In their survey form, under “attitudes held toward tradition,” they reveal a timeless tug of war between younger and older generations:
“The student body regards the tradition against movies on Sundays as being an old fashioned idea while members of the faculty regard it as being beneficial, believing that students leisure time could be used to better advantage.”
Of course many of the traditions popular in the 1930s are now long gone, supplanted by other traditions and later on replaced by still newer traditions. Perhaps an ambitious pair of students could replicate the 1930s study in 2014. For part one of a two-part series, let’s raid the archives collections and illustrate some of the traditions described by Ramsey and Rider.
The authors inform us that the tradition for having bands play at athletic games “is quite an old one. It originated to add color to games and to arouse enthusiasm…The students are in favor of it but don’t appreciate it much.” A 1930 photograph shows the college band next to Eaton Chapel, with floats trailing behind.
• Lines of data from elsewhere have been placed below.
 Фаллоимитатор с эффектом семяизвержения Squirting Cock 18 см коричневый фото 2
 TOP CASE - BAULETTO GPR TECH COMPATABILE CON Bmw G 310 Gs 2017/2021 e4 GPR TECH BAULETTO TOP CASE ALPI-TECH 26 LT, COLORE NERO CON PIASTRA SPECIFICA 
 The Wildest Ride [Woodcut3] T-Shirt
From its inception, the college fostered competitive debating societies, which later gave way to a debate club. By the turn of the 20th century, intercollegiate debates had nearly as rabid a Beloit following as did football. At the time of this study, the college’s speech department sponsored a “Debating Club” which pitted two teams composed of juniors and seniors against each other arguing important topics of the day.
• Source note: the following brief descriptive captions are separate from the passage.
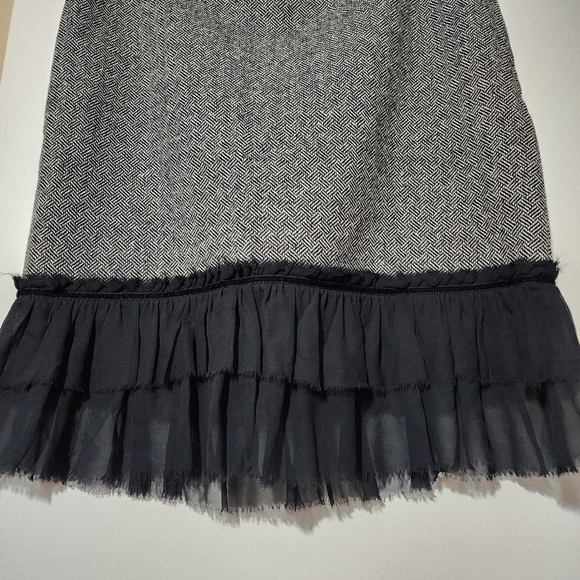 Grey tweed and black tiered skirt - Picture 4 of 6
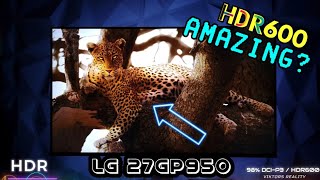 LG 27GP950 IPS NANO HDR Scene by Scene Performance Review and Analysis 4K 27quot HDR600 Test [upl. by Babbette921]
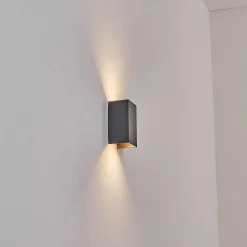 Applique Murale D'Exterieur Tamarin Led Anthracite, 1 Lumiere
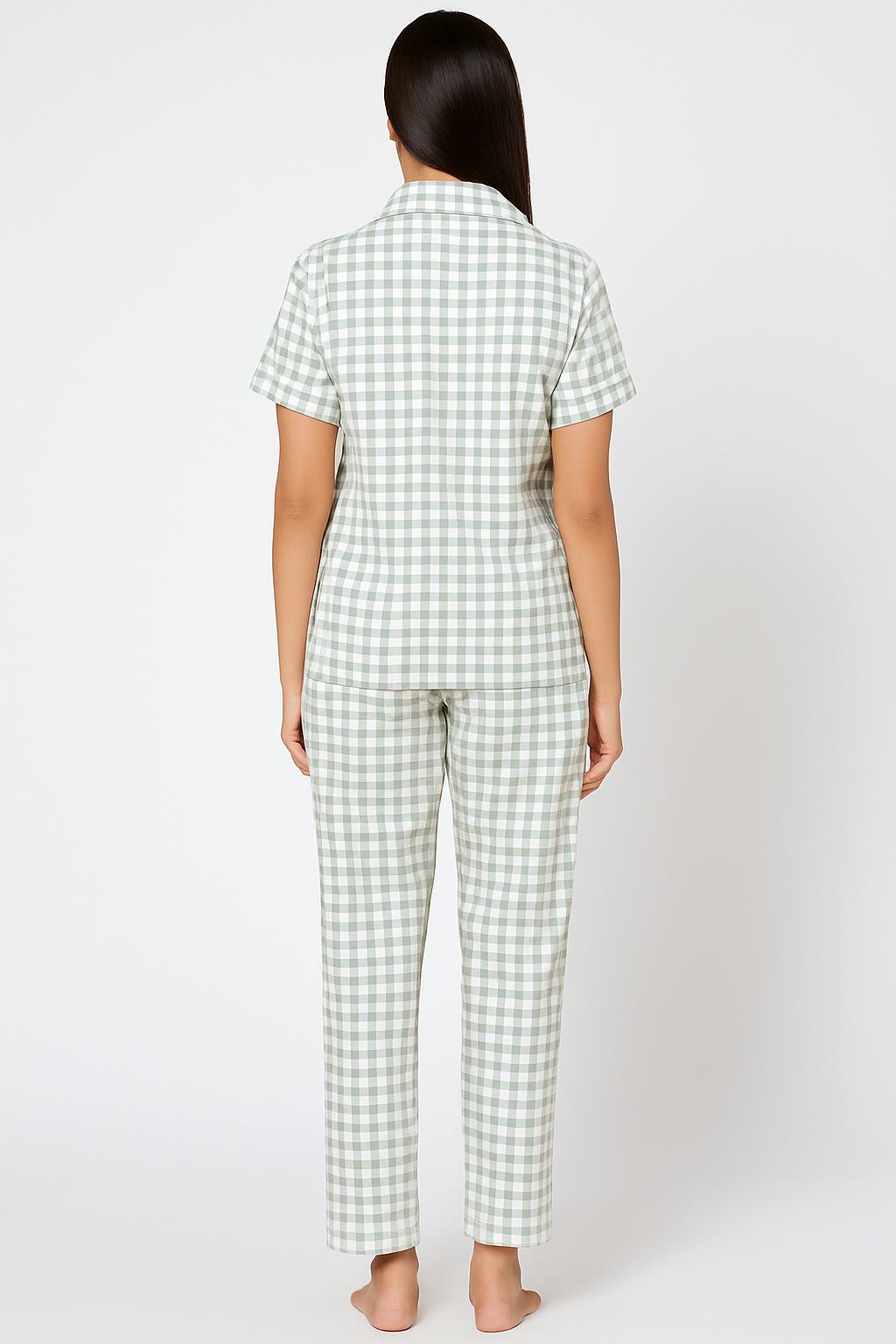 Off white checks PJ set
The writers grouped the Ka Ne Literary Society, founded in 1920 for women students, under “Traditions – Intellectual.” The society met monthly for literary discussions and eventually published the Turtle, a magazine of poetry and fiction by Beloit College students, which appeared through the early 1950s.
Although Ramsey and Rider claimed “Hazing of Freshmen” as an obsolete tradition, some form of hazing continued for many more years. “The hazing of the freshmen started out easily but it became a cruel and vicious hazing,” they wrote. “The faculty and administration thoroughly disapproved and eventually forbade hazing. The students rather enjoyed it.” As a sophomore in 1909, Theodore Chrischilles depicted hazing in one of the many comical drawings illustrating his diary.
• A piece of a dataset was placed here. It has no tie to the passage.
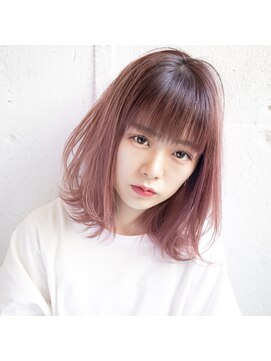 エイト 福岡天神店(EIGHT fukuoka) 【EIGHT福岡】藤崎_切りっぱなしレイヤー_シアモーブピンク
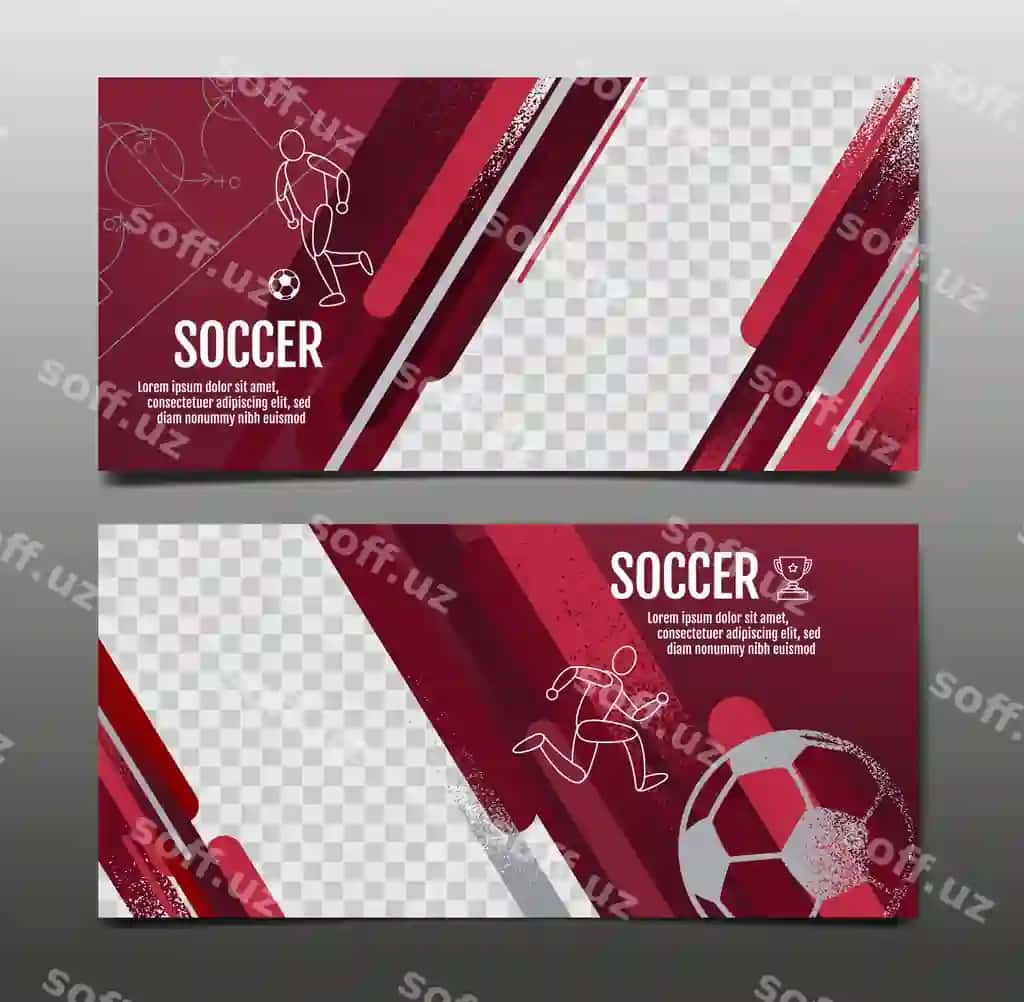 Futbol turniri, futbol baner, sport dizayn | Soccer tournament football banner sport layout design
Exotic hats and dapper walking canes appealed to students of the late 19th century such as these members of the class of 1887, who appeared in rather wild garb as freshmen in 1884, apparently by choice. According to our sociologist students, “the faculty and administration were indifferent to this tradition.”
Christmas Vespers was a long standing tradition, replaced in recent years by annual holiday choral concerts held at Eaton Chapel. A typical program in the 1930s featured President Irving Maurer acting as minister to the congregation, guest organists and harpists, vesper and a capella choirs, and the singing of traditional Christmas carols.
After World War I, the college observed Armistice Day for many years. “This is another recognition service for those who lost their lives in the World War,” Ramsey and Rider wrote. “At this service all of the names of Beloit men are read to the College assembly, after which taps are blown terminating the service.” A rare photograph displays the World War I service flag hanging in Eaton Chapel, each star representing a member of the college family who served in the war.
Students loved a good roaring bonfire during Homecoming festivities or after football victories. Enterprising pyromaniacs raided local stores for discarded crates and boxes and barrels and hauled great piles of wood onto campus. By the early 1930s, victory bonfires had temporarily snuffed out because they “became too much work,” possibly due to conflagration fatigue. Wrote Ramsey and Rider: “They had the bonfire whether the team won or not.” Homecoming 1955, however, found the tradition alive and well, certainly ablaze with newfound vigor.